Yok artık kalmadı dediğim her an, hemde okumuş yazmış grup içinden çıkıyor bu ezikler. Ne üretiyor bunlar, sadece laf ve kafa karışıklığı.
Bizdeki sorunlu sosyal grup, bence eğitimliler. Bunlar, hem çözüm üretmekten aciz, ya da tembel; hemde biliyorum ukalalığında. Biliyorsan, hadi sorumluluk al, çözüm üret. Hayır yapamaz, çünkü sistem çok kötü. Tamam o zaman sus, yapılana köstek olma, Hayır onuda yapmam. Kafa böyle çalışıyor bizim okumuşların.
Geçen bir televizyon programında, tarihçi bir akademisyen konuşuyordu.
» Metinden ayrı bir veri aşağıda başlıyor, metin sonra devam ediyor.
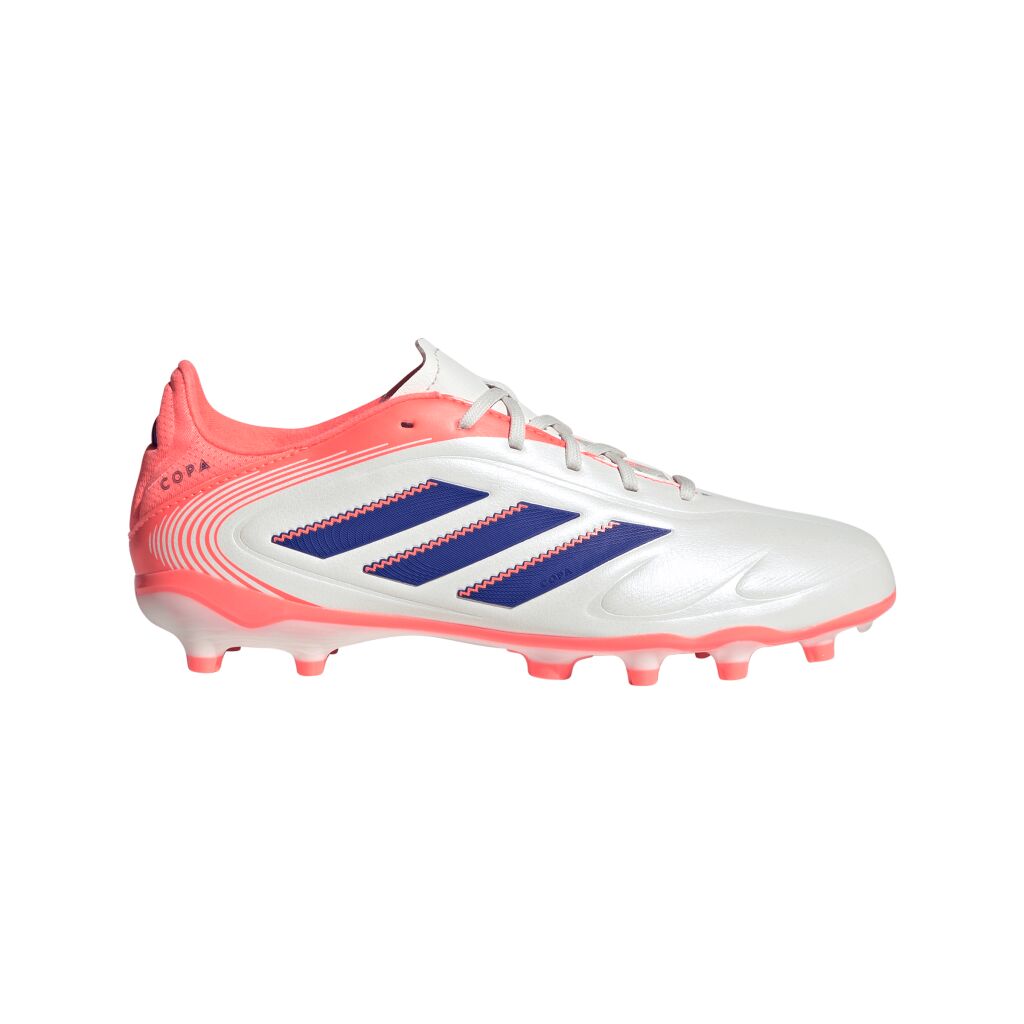 adidas Copa Pure 3 League FG/MG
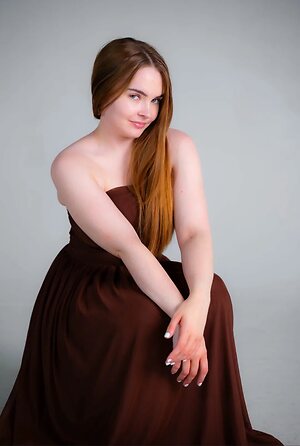 Megan Stacy leaked photo #15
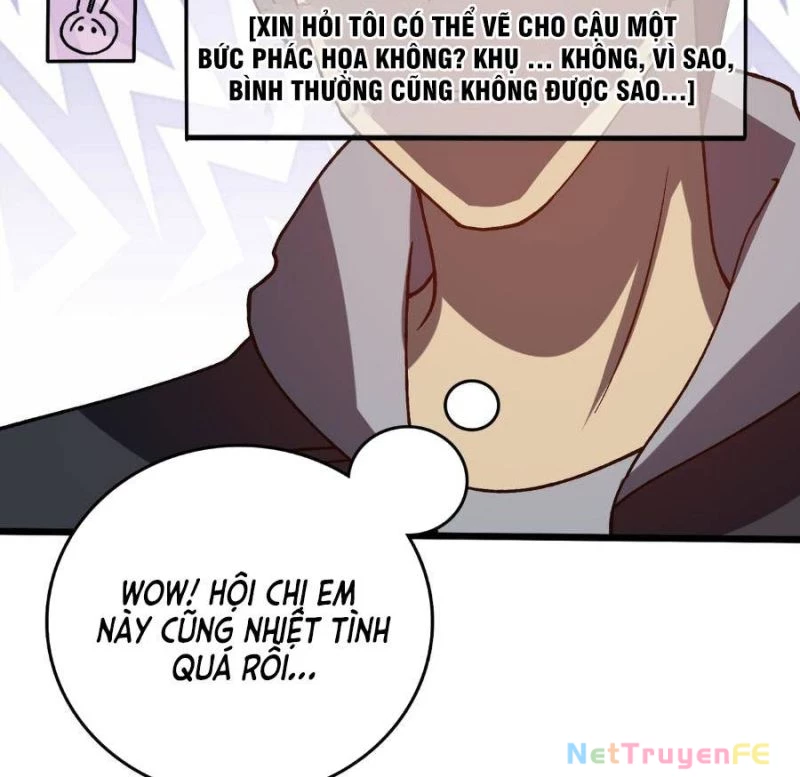 Bắt Đầu Kế Nhiệm Boss Hắc Long, Ta Vô Địch Chapter 20 - Trang 4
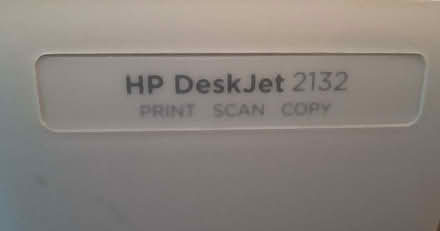 Photo of free Printer (Belmont SL6) #1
Terörün en çok can yaktığı zamanların birinde, bir sebepten bölgeye gitmişler, görev icabı. Bölgede 8 tane üniversite var, hepsinin Sosyoloji bölümü var, bir tanesi terörün ve etnisitenin bölgede ki karşılığı ile ilgili doktora tezi yapmamıştı dedi. Doktora tezleri, falanca ildeki DSİ lojmanlarında oturan ailelerin günlük yaşamları ile ilgiliydi dedi.
Bu o kadar net bir fotoğraf ki. Köy yanarken, deli saçını tararmış cinsinden tipler, bizim aydınlarımız.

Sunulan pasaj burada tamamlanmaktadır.